Dataset entries
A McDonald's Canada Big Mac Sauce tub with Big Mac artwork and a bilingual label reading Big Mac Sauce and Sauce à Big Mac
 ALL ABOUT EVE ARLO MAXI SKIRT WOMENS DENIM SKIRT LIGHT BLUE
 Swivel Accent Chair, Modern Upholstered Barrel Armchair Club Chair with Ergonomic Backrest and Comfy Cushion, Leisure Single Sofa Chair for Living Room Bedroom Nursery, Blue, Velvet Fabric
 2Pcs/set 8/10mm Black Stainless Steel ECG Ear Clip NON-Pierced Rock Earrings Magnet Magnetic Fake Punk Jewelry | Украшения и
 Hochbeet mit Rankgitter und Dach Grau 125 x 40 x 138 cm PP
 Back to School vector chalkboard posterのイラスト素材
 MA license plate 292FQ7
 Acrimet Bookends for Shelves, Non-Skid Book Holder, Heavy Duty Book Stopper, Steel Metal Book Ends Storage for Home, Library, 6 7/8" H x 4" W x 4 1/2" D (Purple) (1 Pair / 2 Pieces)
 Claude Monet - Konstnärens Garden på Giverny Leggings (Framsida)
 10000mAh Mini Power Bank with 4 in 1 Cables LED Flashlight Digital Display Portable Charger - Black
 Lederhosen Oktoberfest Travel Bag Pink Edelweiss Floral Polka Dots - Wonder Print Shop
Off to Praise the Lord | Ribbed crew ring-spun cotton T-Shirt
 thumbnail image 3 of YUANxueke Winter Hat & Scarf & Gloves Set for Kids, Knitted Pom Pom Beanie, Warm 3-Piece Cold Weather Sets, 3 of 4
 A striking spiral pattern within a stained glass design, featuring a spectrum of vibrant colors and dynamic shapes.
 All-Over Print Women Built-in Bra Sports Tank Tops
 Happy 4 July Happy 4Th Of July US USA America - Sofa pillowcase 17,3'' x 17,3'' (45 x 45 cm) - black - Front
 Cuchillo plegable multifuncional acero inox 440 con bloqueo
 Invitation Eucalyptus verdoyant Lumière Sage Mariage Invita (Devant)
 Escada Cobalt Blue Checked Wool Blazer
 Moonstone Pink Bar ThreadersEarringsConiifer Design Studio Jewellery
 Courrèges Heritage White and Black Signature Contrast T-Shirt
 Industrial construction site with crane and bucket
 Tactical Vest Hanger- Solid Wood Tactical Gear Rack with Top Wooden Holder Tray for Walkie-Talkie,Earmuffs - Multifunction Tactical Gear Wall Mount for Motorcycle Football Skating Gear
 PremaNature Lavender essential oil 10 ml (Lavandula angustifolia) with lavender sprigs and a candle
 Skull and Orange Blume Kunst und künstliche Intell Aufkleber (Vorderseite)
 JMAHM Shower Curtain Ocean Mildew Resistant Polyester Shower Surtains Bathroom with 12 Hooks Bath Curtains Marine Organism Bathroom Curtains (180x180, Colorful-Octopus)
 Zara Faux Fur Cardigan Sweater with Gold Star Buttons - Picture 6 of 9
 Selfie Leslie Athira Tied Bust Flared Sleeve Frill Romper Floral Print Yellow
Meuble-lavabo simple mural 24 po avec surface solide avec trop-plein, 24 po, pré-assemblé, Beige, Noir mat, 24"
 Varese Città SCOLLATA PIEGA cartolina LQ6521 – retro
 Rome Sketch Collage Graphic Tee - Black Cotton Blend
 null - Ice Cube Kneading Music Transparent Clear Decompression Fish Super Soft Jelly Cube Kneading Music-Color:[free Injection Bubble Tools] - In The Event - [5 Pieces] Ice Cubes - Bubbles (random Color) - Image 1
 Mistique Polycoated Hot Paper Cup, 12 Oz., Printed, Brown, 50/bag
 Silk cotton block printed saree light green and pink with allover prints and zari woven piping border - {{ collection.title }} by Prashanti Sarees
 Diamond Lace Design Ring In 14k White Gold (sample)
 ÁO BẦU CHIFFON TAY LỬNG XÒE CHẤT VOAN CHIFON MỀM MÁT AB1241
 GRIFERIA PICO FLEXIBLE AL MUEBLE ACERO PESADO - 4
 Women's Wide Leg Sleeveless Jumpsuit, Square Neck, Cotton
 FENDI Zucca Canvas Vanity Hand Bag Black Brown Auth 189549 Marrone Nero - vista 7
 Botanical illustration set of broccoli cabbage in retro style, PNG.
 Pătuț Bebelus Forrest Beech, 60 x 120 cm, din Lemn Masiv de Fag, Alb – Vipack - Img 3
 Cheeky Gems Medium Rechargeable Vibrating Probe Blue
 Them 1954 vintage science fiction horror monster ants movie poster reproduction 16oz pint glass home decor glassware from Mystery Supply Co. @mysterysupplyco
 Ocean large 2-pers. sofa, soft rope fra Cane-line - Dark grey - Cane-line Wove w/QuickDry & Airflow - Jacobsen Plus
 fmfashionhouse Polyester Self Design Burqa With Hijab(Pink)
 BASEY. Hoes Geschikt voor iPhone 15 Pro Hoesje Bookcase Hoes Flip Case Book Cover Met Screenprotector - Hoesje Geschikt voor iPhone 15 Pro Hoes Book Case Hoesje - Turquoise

**REQUIRED WORK**
Reproduce the records above word for word.

**EXERCISE ANSWER**
A McDonald's Canada Big Mac Sauce tub with Big Mac artwork and a bilingual label reading Big Mac Sauce and Sauce à Big Mac
 ALL ABOUT EVE ARLO MAXI SKIRT WOMENS DENIM SKIRT LIGHT BLUE
 Swivel Accent Chair, Modern Upholstered Barrel Armchair Club Chair with Ergonomic Backrest and Comfy Cushion, Leisure Single Sofa Chair for Living Room Bedroom Nursery, Blue, Velvet Fabric
 2Pcs/set 8/10mm Black Stainless Steel ECG Ear Clip NON-Pierced Rock Earrings Magnet Magnetic Fake Punk Jewelry | Украшения и
 Hochbeet mit Rankgitter und Dach Grau 125 x 40 x 138 cm PP
 Back to School vector chalkboard posterのイラスト素材
 MA license plate 292FQ7
 Acrimet Bookends for Shelves, Non-Skid Book Holder, Heavy Duty Book Stopper, Steel Metal Book Ends Storage for Home, Library, 6 7/8" H x 4" W x 4 1/2" D (Purple) (1 Pair / 2 Pieces)
 Claude Monet - Konstnärens Garden på Giverny Leggings (Framsida)
 10000mAh Mini Power Bank with 4 in 1 Cables LED Flashlight Digital Display Portable Charger - Black
 Lederhosen Oktoberfest Travel Bag Pink Edelweiss Floral Polka Dots - Wonder Print Shop
Off to Praise the Lord | Ribbed crew ring-spun cotton T-Shirt
 thumbnail image 3 of YUANxueke Winter Hat & Scarf & Gloves Set for Kids, Knitted Pom Pom Beanie, Warm 3-Piece Cold Weather Sets, 3 of 4
 A striking spiral pattern within a stained glass design, featuring a spectrum of vibrant colors and dynamic shapes.
 All-Over Print Women Built-in Bra Sports Tank Tops
 Happy 4 July Happy 4Th Of July US USA America - Sofa pillowcase 17,3'' x 17,3'' (45 x 45 cm) - black - Front
 Cuchillo plegable multifuncional acero inox 440 con bloqueo
 Invitation Eucalyptus verdoyant Lumière Sage Mariage Invita (Devant)
 Escada Cobalt Blue Checked Wool Blazer
 Moonstone Pink Bar ThreadersEarringsConiifer Design Studio Jewellery
 Courrèges Heritage White and Black Signature Contrast T-Shirt
 Industrial construction site with crane and bucket
 Tactical Vest Hanger- Solid Wood Tactical Gear Rack with Top Wooden Holder Tray for Walkie-Talkie,Earmuffs - Multifunction Tactical Gear Wall Mount for Motorcycle Football Skating Gear
 PremaNature Lavender essential oil 10 ml (Lavandula angustifolia) with lavender sprigs and a candle
 Skull and Orange Blume Kunst und künstliche Intell Aufkleber (Vorderseite)
 JMAHM Shower Curtain Ocean Mildew Resistant Polyester Shower Surtains Bathroom with 12 Hooks Bath Curtains Marine Organism Bathroom Curtains (180x180, Colorful-Octopus)
 Zara Faux Fur Cardigan Sweater with Gold Star Buttons - Picture 6 of 9
 Selfie Leslie Athira Tied Bust Flared Sleeve Frill Romper Floral Print Yellow
Meuble-lavabo simple mural 24 po avec surface solide avec trop-plein, 24 po, pré-assemblé, Beige, Noir mat, 24"
 Varese Città SCOLLATA PIEGA cartolina LQ6521 – retro
 Rome Sketch Collage Graphic Tee - Black Cotton Blend
 null - Ice Cube Kneading Music Transparent Clear Decompression Fish Super Soft Jelly Cube Kneading Music-Color:[free Injection Bubble Tools] - In The Event - [5 Pieces] Ice Cubes - Bubbles (random Color) - Image 1
 Mistique Polycoated Hot Paper Cup, 12 Oz., Printed, Brown, 50/bag
 Silk cotton block printed saree light green and pink with allover prints and zari woven piping border - {{ collection.title }} by Prashanti Sarees
 Diamond Lace Design Ring In 14k White Gold (sample)
 ÁO BẦU CHIFFON TAY LỬNG XÒE CHẤT VOAN CHIFON MỀM MÁT AB1241
 GRIFERIA PICO FLEXIBLE AL MUEBLE ACERO PESADO - 4
 Women's Wide Leg Sleeveless Jumpsuit, Square Neck, Cotton
 FENDI Zucca Canvas Vanity Hand Bag Black Brown Auth 189549 Marrone Nero - vista 7
 Botanical illustration set of broccoli cabbage in retro style, PNG.
 Pătuț Bebelus Forrest Beech, 60 x 120 cm, din Lemn Masiv de Fag, Alb – Vipack - Img 3
 Cheeky Gems Medium Rechargeable Vibrating Probe Blue
 Them 1954 vintage science fiction horror monster ants movie poster reproduction 16oz pint glass home decor glassware from Mystery Supply Co. @mysterysupplyco
 Ocean large 2-pers. sofa, soft rope fra Cane-line - Dark grey - Cane-line Wove w/QuickDry & Airflow - Jacobsen Plus
 fmfashionhouse Polyester Self Design Burqa With Hijab(Pink)
 BASEY. Hoes Geschikt voor iPhone 15 Pro Hoesje Bookcase Hoes Flip Case Book Cover Met Screenprotector - Hoesje Geschikt voor iPhone 15 Pro Hoes Book Case Hoesje - Turquoise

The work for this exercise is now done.